* _Work item_
Below are the entries to work from; restate word for word the portion that opens with the line containing "3135 Old Masters Drive, Sugar Land, TX 77479" and closes with the line containing "Milhares de fiéis", keeping both.

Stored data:
□ □ □
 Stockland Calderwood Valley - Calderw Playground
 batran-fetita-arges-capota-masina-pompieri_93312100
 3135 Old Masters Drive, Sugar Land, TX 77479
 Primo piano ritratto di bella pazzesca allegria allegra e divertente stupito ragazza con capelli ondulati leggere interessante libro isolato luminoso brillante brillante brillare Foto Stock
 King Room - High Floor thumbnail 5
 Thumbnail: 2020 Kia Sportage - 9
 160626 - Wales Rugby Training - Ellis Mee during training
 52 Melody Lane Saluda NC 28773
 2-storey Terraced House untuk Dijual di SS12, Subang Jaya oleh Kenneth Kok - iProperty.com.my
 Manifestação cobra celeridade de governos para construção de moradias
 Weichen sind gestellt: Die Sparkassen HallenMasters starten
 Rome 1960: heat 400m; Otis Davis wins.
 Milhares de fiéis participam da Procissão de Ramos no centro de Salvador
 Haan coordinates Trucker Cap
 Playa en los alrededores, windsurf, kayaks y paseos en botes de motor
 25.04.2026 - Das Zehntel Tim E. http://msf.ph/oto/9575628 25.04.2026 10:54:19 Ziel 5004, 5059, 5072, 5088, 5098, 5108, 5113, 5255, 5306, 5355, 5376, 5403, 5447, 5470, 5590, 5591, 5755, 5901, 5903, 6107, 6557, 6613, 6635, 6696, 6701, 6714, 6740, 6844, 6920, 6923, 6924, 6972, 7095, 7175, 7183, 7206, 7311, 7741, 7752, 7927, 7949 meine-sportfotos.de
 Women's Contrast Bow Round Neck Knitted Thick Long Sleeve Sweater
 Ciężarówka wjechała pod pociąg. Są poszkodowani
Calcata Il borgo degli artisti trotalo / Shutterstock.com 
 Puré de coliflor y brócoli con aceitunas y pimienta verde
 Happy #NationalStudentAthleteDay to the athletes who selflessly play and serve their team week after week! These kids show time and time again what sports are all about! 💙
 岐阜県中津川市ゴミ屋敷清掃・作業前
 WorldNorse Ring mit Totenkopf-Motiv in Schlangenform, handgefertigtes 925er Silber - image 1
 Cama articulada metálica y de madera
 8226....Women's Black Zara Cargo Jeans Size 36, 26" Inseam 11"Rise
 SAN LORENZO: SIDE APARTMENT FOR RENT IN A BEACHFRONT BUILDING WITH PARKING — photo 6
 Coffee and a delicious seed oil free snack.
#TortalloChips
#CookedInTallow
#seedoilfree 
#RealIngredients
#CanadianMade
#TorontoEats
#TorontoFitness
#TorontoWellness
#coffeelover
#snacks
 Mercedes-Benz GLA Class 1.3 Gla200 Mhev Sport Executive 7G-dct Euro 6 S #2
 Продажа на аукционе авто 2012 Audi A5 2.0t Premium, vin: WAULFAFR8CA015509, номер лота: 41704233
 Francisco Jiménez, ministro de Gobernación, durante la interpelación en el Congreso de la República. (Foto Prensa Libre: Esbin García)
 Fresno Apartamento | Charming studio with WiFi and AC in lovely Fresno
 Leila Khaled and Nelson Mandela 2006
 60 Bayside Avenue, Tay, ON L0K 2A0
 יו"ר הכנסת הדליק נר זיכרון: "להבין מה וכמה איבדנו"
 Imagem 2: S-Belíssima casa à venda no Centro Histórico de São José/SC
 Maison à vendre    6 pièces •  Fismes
□ □ □
* _Output for this exercise_
 3135 Old Masters Drive, Sugar Land, TX 77479
 Primo piano ritratto di bella pazzesca allegria allegra e divertente stupito ragazza con capelli ondulati leggere interessante libro isolato luminoso brillante brillante brillare Foto Stock
 King Room - High Floor thumbnail 5
 Thumbnail: 2020 Kia Sportage - 9
 160626 - Wales Rugby Training - Ellis Mee during training
 52 Melody Lane Saluda NC 28773
 2-storey Terraced House untuk Dijual di SS12, Subang Jaya oleh Kenneth Kok - iProperty.com.my
 Manifestação cobra celeridade de governos para construção de moradias
 Weichen sind gestellt: Die Sparkassen HallenMasters starten
 Rome 1960: heat 400m; Otis Davis wins.
 Milhares de fiéis participam da Procissão de Ramos no centro de Salvador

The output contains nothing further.